What to do: Scan the records below, and wherever a line has the word "Count", pull it out.

___ Source data ___

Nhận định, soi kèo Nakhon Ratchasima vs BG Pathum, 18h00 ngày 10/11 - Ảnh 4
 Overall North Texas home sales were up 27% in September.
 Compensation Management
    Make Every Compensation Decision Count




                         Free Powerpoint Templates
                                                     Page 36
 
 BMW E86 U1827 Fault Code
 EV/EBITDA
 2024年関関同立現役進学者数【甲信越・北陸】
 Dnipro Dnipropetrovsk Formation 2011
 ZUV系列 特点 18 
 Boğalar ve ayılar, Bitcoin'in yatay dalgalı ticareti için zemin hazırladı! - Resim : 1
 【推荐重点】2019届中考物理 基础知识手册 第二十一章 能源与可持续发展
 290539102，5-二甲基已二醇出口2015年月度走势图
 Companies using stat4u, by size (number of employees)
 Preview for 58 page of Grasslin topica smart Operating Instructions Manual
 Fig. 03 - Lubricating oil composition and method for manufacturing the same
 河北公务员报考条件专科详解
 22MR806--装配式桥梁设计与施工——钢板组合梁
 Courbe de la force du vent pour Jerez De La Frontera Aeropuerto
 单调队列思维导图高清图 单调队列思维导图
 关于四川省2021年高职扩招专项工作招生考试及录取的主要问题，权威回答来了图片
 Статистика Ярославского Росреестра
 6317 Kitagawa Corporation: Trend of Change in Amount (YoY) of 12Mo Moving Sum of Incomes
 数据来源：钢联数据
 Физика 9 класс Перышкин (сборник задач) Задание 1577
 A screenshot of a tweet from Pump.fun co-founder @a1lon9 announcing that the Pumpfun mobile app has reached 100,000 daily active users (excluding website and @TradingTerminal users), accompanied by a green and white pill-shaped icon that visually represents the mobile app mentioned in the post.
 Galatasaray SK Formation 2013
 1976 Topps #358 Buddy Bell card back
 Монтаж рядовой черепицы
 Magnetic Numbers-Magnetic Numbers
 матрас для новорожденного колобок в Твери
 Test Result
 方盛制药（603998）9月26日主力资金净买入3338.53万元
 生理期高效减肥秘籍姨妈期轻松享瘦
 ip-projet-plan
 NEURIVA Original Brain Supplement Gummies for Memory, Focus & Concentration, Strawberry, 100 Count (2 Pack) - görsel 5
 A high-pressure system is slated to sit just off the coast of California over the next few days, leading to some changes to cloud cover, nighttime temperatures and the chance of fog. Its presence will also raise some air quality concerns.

___

Response area:
    Make Every Compensation Decision Count
 NEURIVA Original Brain Supplement Gummies for Memory, Focus & Concentration, Strawberry, 100 Count (2 Pack) - görsel 5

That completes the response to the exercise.